Statistically speaking, I was kind of screwed from the beginning healthwise. I’m almost always in that 1-5% of people who end up nearly dead from medications — with side effects so rare, doctors sometimes don’t even mention them because there’s just no way I’d possibly suffer dire consequences.
That might be kind of an exaggeration, but seriously I’ve had those side effects more times than I can count, so … you know. I’m jaded.
Anyhow, this is where this blog gets real personal (Mom is cringing already, I can just picture it). The other day, I found a lump.
Like, the kind of lump that makes a person with anxiety and OCD start imagining dead-in-a-ditch type scenarios over and over again. And luckily Mom was in town, so I didn’t go completely crazy, although the thought crossed my mind again and again (and again and again because, duh, OCD). When I told Husband, he immediately hopped on the computer, and said to me, “It says here 85% of breast lumps are benign.” He told me over and over how I was fine, how it was nothing, how I didn’t need to worry.

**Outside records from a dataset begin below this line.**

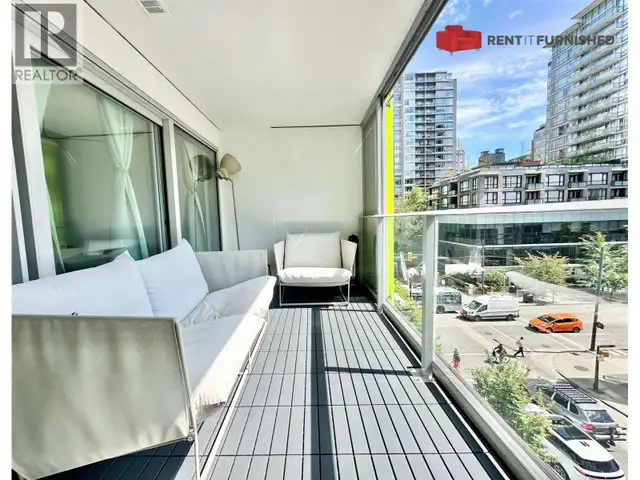 503 999 SEYMOUR STREET Vancouver, British Columbia in Long Term Rentals in Vancouver - Image 17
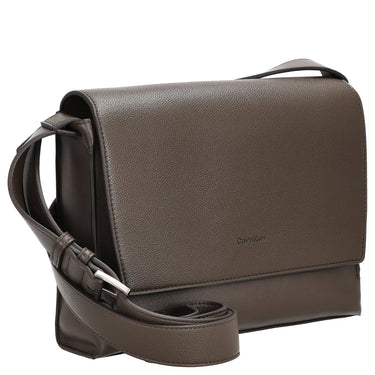 Calvin Klein Micro Pebble Messenger - Umhängetasche 27 cm (delicioso) - Ansicht 5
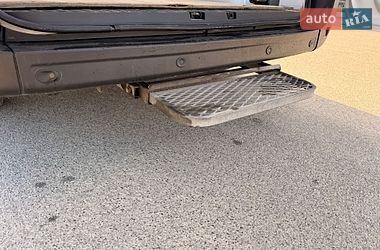 Вантажний фургон Renault Master 2022 в Києві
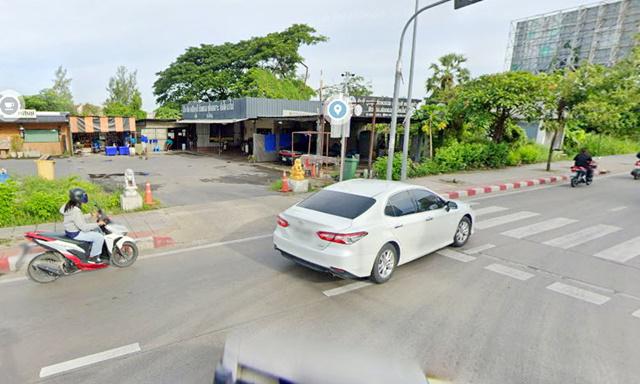ราษฏร์พัฒนา  ให้เช่า ร้านค้า ร้านอาหาร  28ตรม.ซอยมิสทีน รามคำแหง 164  มอเตอร์เวย์ วงแหวน กาญจนาศรีนครินทร์ ร่มเกล้า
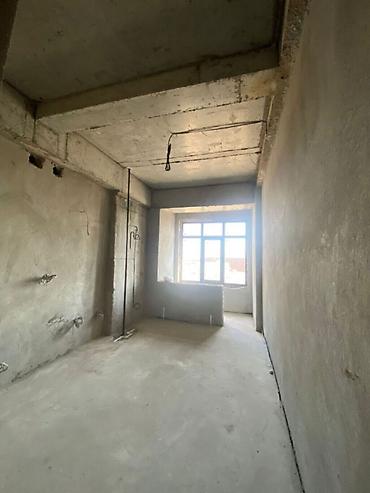 Продажа квартир: 3 комнаты, 119 м², Ак-Кеме Элитка, 13 этаж, ПСО (под самоотделку) — 8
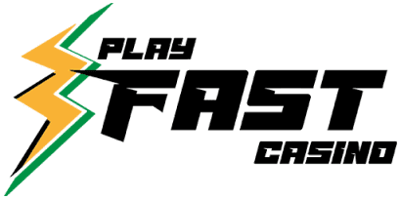 PlayFast Casino logo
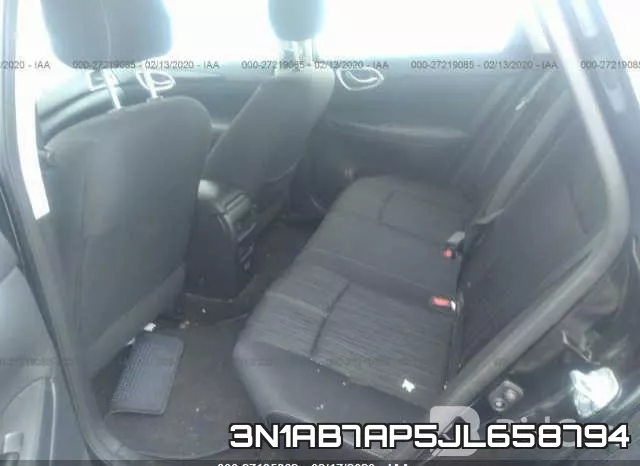 3N1AB7AP5JL658794 фото 9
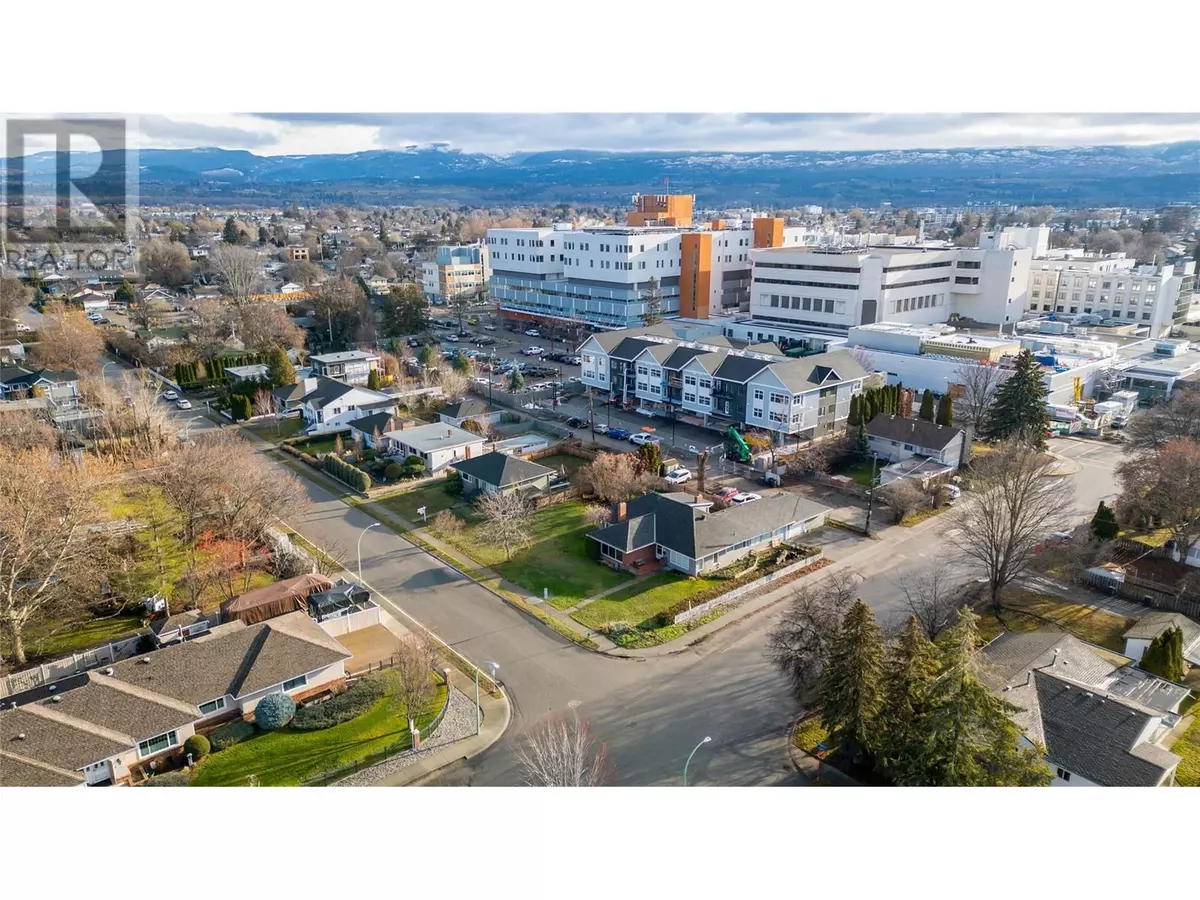 Kelowna, BC V1Y5L9,409 Glenwood Avenue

As it turned out (yeah I wasn’t going to leave you hanging for a long, meandering blog post, don’t worry), he was actually right this time around. The stats were on my side: it was nothing (well, unless you consider naturally occurring lumpy breasts at 30 years of age to be something, which … I’m kind of on the fence about).
So, yeah, I still have a medication-controlled seizure disorder and OCD and major depression (that comes in cycles) and TMJ and carpal tunnel and SI joint problems and chronic sciatica BUT I don’t have cancer. And that makes for a pretty good life.